Normalleşmek iyidir. Cumhurbaşkanı Erdoğan mektubu cebine koymadı, açtı, hemen okudu. İçindekileri mutlaka değerlendirecektir. İstanbul Büyükşehir Belediye Başkanı Ekrem İmamoğlu’nun mektup yazarak “normalleşme” istemesi de önemli bir adımdır. Gerginliğin İstanbulluya da İstanbul’a da Türkiye’ye de faydası yok. Cumhurbaşkanı randevu verirse İstanbul’un sorunlarını yüz yüze konuşmaları önemli olacaktır. Siyaset arenasında da yumuşama getirecektir.
SURİYE GÖRÜŞMELERİ
KONJONKTÜR ve sahadaki gerçekler, siyasi olmasa da askeri ve istihbari görüşmeleri iki ülke Türkiye ve Suriye için zorunlu kıldı. İstihbarat alanında bir süredir yapılan görüşmeler en üst seviyeye taşındı. Belli ki bu üst düzey görüşmeler ihtiyaç oldukça sürecek. Bunun askeri alana da yansımasının olup olmadığı Milli Savunma Bakanı Hulusi Akar’a televizyon ve gazetelerin Ankara temsilcileri ile yaptığı görüşmede soruldu. Akar, açık açık ne “Görüşüyoruz” ne de “Görüşmüyoruz” dedi: “Türkiye Cumhuriyeti bağımsız bir devlet. Yapmamız gereken ne varsa ilgili kişiler, kurumlar, bakanlar bu konuda çalışırlar. Aslolan milli menfaatler. İlgili kişi, kurum, yetkili kimse şunlar bunlar yapılır. Bunlar yapıldı, yapılacak, yapılır” dedi. Açıkçası ben bu sözlerden askeri alanda da temas olduğu izlenimini edindim.
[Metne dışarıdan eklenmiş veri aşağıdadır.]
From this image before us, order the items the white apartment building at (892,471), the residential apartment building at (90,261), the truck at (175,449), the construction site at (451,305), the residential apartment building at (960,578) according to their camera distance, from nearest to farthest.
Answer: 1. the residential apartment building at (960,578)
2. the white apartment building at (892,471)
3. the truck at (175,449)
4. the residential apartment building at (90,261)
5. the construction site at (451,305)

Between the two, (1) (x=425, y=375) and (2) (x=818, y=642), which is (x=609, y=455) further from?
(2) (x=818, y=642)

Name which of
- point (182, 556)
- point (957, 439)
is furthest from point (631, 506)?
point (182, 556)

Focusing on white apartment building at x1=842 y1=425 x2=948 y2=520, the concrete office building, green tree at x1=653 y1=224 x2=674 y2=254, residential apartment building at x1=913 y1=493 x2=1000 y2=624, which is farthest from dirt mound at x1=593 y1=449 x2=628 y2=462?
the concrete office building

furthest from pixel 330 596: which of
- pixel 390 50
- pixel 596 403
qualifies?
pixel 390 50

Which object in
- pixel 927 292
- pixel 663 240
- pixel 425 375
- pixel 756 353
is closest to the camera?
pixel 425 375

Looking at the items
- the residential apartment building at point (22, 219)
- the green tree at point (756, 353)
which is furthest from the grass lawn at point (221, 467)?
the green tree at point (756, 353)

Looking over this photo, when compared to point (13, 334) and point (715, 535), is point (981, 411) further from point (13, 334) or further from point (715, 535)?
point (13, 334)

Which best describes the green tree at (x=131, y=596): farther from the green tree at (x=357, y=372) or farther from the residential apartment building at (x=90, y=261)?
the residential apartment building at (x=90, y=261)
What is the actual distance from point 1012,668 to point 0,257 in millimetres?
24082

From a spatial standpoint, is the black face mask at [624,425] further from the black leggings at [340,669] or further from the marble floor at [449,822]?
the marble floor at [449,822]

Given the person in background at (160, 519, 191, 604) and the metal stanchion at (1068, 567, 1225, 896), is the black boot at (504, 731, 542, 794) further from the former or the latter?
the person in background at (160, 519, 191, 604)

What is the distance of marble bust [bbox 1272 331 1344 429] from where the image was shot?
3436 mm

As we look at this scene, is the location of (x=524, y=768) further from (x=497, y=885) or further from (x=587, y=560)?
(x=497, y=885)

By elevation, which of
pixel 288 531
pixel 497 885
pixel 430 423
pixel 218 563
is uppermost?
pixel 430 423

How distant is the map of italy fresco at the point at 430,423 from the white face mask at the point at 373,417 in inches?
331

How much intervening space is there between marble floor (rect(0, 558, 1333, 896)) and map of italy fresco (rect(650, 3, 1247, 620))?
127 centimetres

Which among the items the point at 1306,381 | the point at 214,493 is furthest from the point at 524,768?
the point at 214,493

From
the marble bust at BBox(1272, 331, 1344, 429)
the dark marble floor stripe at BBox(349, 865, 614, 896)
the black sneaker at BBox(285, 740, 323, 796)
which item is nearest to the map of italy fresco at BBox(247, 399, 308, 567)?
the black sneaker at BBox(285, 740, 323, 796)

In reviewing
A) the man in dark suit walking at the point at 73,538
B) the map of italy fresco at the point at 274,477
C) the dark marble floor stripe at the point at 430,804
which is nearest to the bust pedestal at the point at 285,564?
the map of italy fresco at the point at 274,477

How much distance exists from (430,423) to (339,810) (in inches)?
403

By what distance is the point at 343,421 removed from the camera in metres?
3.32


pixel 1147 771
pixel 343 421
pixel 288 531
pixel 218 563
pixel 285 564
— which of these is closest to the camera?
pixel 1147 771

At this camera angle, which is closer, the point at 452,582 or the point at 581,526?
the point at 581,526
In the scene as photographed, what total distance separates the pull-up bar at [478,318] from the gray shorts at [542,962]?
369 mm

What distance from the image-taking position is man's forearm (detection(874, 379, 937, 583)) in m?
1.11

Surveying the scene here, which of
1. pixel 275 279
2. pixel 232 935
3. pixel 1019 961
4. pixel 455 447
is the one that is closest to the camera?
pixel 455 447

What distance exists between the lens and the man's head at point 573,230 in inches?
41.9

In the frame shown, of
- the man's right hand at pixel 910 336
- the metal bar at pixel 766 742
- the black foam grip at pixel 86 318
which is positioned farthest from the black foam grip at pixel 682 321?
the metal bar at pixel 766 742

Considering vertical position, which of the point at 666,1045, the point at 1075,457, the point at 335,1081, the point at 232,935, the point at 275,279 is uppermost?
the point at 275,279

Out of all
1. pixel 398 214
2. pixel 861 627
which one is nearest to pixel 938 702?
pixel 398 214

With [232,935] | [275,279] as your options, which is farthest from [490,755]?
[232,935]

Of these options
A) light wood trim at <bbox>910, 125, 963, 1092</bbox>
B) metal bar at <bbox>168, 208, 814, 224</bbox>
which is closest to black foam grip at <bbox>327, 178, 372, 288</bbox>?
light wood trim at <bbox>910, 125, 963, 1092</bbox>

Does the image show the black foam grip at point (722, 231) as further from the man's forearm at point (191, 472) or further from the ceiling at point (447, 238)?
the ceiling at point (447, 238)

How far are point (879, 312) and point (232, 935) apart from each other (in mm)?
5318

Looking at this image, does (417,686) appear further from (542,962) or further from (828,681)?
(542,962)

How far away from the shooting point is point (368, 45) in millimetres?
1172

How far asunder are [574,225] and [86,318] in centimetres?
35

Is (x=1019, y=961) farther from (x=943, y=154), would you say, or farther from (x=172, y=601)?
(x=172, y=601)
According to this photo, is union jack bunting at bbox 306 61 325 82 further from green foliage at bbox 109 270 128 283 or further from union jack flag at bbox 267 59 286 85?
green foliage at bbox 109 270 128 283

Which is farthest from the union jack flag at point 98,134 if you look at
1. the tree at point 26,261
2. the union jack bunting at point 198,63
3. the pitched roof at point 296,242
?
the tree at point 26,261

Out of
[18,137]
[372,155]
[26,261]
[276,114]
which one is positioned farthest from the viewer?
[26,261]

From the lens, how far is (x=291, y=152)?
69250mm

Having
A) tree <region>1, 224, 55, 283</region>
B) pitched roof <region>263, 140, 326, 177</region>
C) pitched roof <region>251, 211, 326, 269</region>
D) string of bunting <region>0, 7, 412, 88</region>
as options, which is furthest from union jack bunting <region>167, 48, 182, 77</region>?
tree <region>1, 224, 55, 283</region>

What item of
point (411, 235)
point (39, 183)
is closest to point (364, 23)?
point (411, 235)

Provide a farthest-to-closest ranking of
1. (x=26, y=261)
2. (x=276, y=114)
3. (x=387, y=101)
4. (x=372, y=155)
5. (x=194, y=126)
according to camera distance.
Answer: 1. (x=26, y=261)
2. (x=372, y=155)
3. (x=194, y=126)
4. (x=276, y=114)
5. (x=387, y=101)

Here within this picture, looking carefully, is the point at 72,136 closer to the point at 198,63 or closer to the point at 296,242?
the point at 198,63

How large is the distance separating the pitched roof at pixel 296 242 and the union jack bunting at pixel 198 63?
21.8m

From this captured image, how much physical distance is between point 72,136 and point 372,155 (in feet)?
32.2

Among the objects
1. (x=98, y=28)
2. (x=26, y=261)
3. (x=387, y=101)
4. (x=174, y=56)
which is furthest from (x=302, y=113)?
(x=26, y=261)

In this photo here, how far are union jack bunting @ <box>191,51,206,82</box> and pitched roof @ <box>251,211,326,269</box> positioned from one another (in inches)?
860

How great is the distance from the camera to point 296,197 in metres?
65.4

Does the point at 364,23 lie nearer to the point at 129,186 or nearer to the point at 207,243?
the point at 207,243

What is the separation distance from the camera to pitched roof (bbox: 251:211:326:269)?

Akar’ın dikkat çektiği gibi, milli menfaatler neyi gerektiriyorsa o alanda adım atmakta fayda var.
SAVUNMA BAKANLIĞI’NDA KAHVALTI SAVAŞLARI
SURİYE ile ilgili açıklamaları Hulusi Akar, Milli Savunma Bakanlığı’nda medya yöneticilerine verdiği kahvaltıda yaptı. O sabah Hürriyet gazetesinin “Kahvaltı savaşları” başlıklı haberini okuyup gelmişti. Masaya oturur oturmaz kahvaltı tabağına baktıktan sonra “Sizi kahvaltıya çağırdım ama kahvaltının zararlı olduğunu okuyup geldim” dedim. Saatler yaklaşık 11.00’i gösteriyordu. Bazı bazın mensupları “Artık bu saat itibariyle brunch sayılır” dediler. Akar ise “Neyse ki hafif bir kahvaltı ve sağlıklı bir tabak hazırlanmış” yanıtını verdi. Doğru mu yanlış mı yaptık bilmiyorum ama tabaktakileri afiyetle yedik.